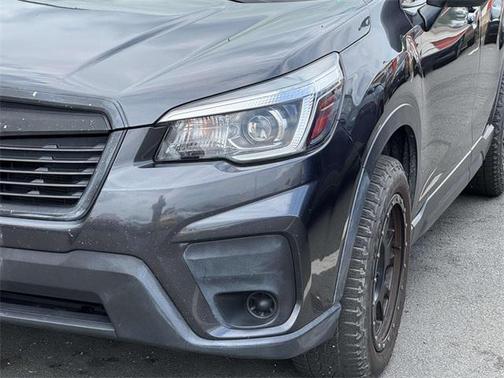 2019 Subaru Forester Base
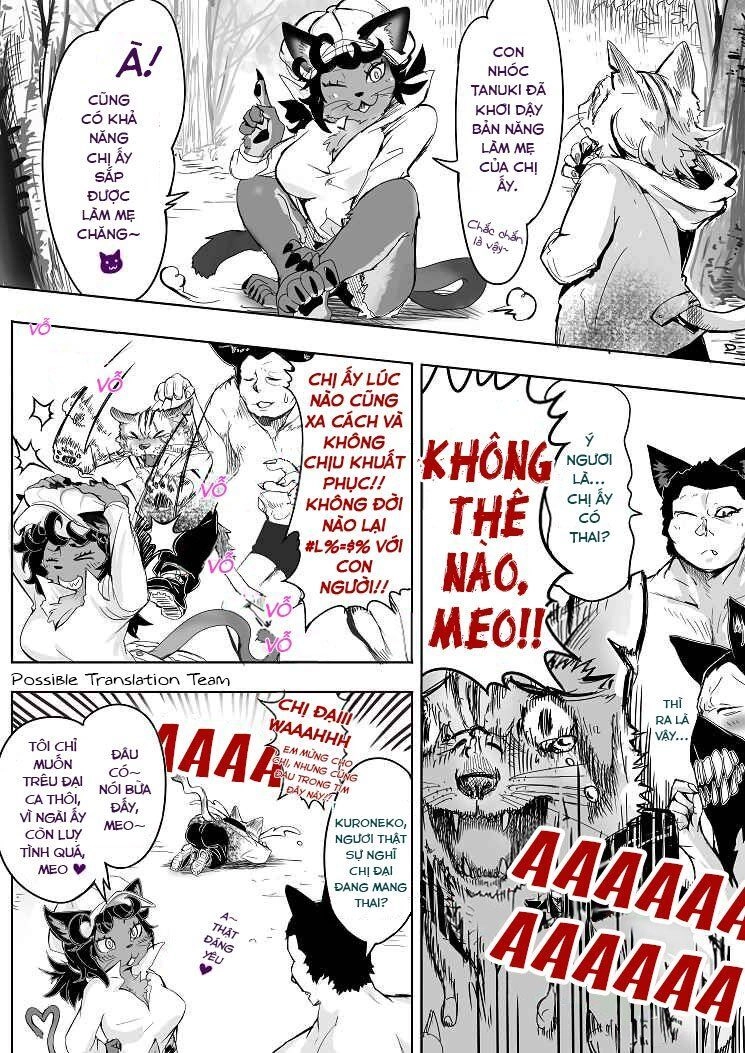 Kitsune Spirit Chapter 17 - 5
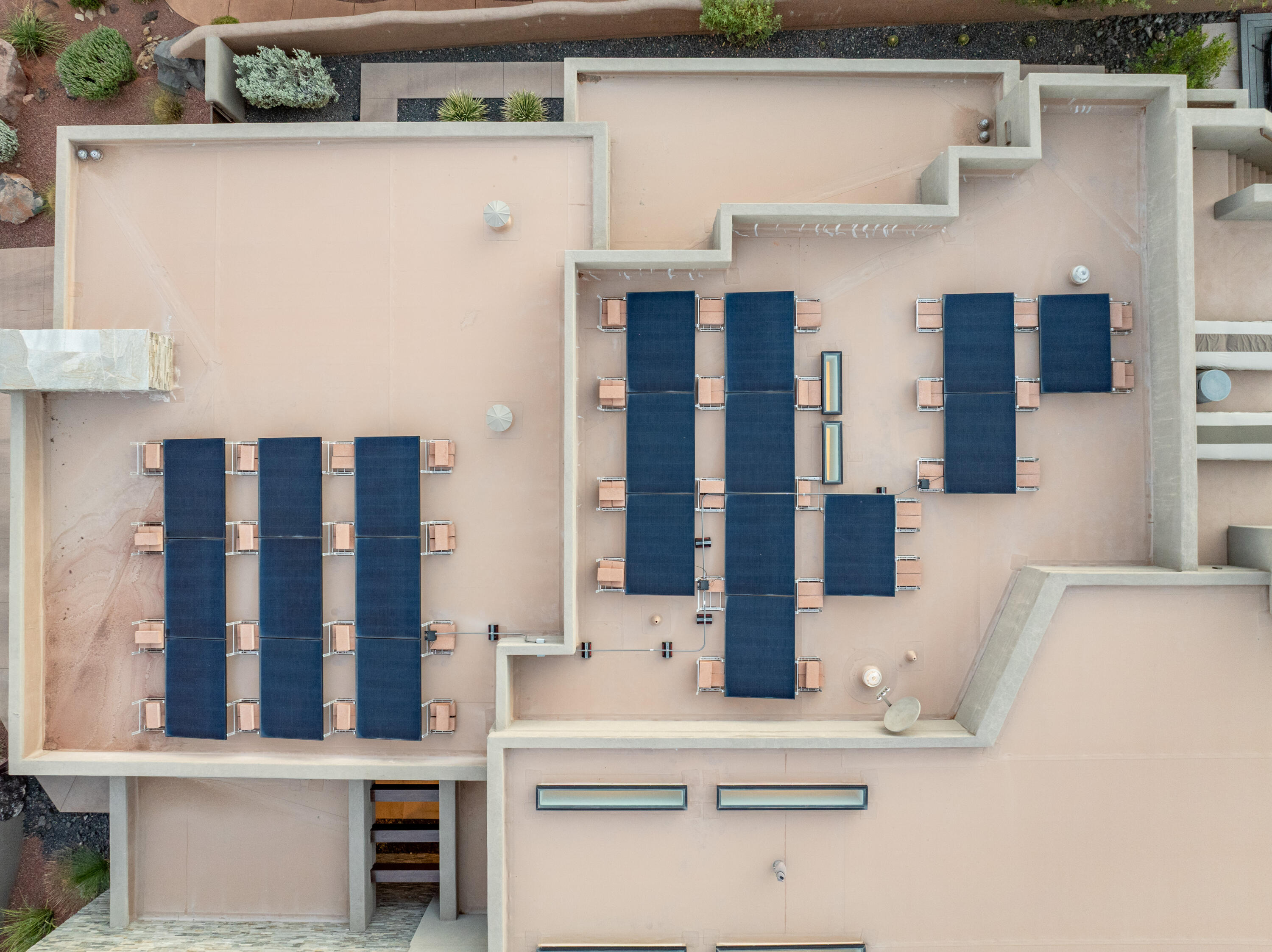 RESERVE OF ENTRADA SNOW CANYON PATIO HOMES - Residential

_ _ _ _ _ _ _

### Task prompt
Write out the listing word for word, omitting the pictures it holds.

### Response
 2019 Subaru Forester Base
 Kitsune Spirit Chapter 17 - 5
 RESERVE OF ENTRADA SNOW CANYON PATIO HOMES - Residential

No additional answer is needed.